I think that this is a particularly gloomy interpretation of what is occurring however surely it’s rime to closely study the demographics of the recruiting and retention statistics and tailor the gender policy so that there will be no future gaps in those who “subordinate ourselves to the political professional elites who rise and sleep under the blanket of the very freedom that we provide and who would never consider picking up a weapon, and keeping a vigil, or standing a lonely watch.
 

Redlands18

Well-Known Member
Australia has a new PM whether that means new Defmins we will have to wait and see but the new PM was a ally of the old one so maybe no change.
 

t68

Well-Known Member
Australia has a new PM whether that means new Defmins we will have to wait and see but the new PM was a ally of the old one so maybe no change.

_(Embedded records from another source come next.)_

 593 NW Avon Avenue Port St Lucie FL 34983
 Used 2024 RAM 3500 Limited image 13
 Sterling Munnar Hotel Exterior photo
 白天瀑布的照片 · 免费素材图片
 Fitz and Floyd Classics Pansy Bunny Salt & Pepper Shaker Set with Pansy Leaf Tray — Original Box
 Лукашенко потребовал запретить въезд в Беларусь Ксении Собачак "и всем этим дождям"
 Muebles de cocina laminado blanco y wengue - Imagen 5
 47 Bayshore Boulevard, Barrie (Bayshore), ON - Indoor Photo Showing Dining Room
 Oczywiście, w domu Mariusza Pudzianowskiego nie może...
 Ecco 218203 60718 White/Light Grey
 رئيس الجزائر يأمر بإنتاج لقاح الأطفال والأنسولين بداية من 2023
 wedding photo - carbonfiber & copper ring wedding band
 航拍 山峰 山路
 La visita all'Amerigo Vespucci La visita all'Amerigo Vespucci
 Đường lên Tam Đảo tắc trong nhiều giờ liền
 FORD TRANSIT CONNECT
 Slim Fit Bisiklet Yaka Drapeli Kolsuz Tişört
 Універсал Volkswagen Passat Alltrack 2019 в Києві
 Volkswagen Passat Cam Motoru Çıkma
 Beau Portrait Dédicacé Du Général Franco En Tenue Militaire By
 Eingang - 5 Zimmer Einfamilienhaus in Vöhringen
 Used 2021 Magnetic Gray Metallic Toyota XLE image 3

Things could change sooner than we think Turnbull as far as I know has resigned effective immediately, which mean a bi-election. If they don’t keep the seat and goes to an independent they have to get them inside to govern.

Turnbull throwing the baby out with the bath water, only shows he was only loyal to himself egotiscal bastard all that money on a bi- election when we have to go to the polls by 19 May 2019 at the latest
 

ngatimozart

Super Moderator
Staff member
Verified Defense Pro
Things could change sooner than we think Turnbull as far as I know has resigned effective immediately, which mean a bi-election. If they don’t keep the seat and goes to an independent they have to get them inside to govern.

Turnbull throwing the baby out with the bath water, only shows he was only loyal to himself egotiscal bastard all that money on a bi- election when we have to go to the polls by 19 May 2019 at the latest
We have a no politics rule, so stear clear of it and that also includes bad mouthing individual pollies. You have been around here long enough to know that.
 

oldsig127

The Bunker Group
Verified Defense Pro
Australia has a new PM whether that means new Defmins we will have to wait and see but the new PM was a ally of the old one so maybe no change.
Leaving the politicians themselves out of it, instability in government is highly likely to trip up ongoing projects as portfolios are shuffled and new incumbents try to stamp their authority on their department.

My crystal ball suggests that a change of minister followed by another change in six months would *really* drag out the submarine project for example if not derail it entirely. Anyway, no politics, which is a good rule to prevent partisan shipfights (so to speak) and helps maintain our generally collegial debate, but takes out a key plank in discussing strategic issues.

oldsig
 

Stampede

Well-Known Member
Leaving the politicians themselves out of it, instability in government is highly likely to trip up ongoing projects as portfolios are shuffled and new incumbents try to stamp their authority on their department.

My crystal ball suggests that a change of minister followed by another change in six months would *really* drag out the submarine project for example if not derail it entirely. Anyway, no politics, which is a good rule to prevent partisan shipfights (so to speak) and helps maintain our generally collegial debate, but takes out a key plank in discussing strategic issues.

oldsig
The change in leadership will probably see some ministers come, go or get moved around.
Will be interesting if the current defence team of Marise Payne and Christopher Pyne stay in their current positions.
Suggest keeping the status quo as stability is needed in this department. Given there may be a change in government next year with corresponding cabinet leadership change I hope we leave defence as is.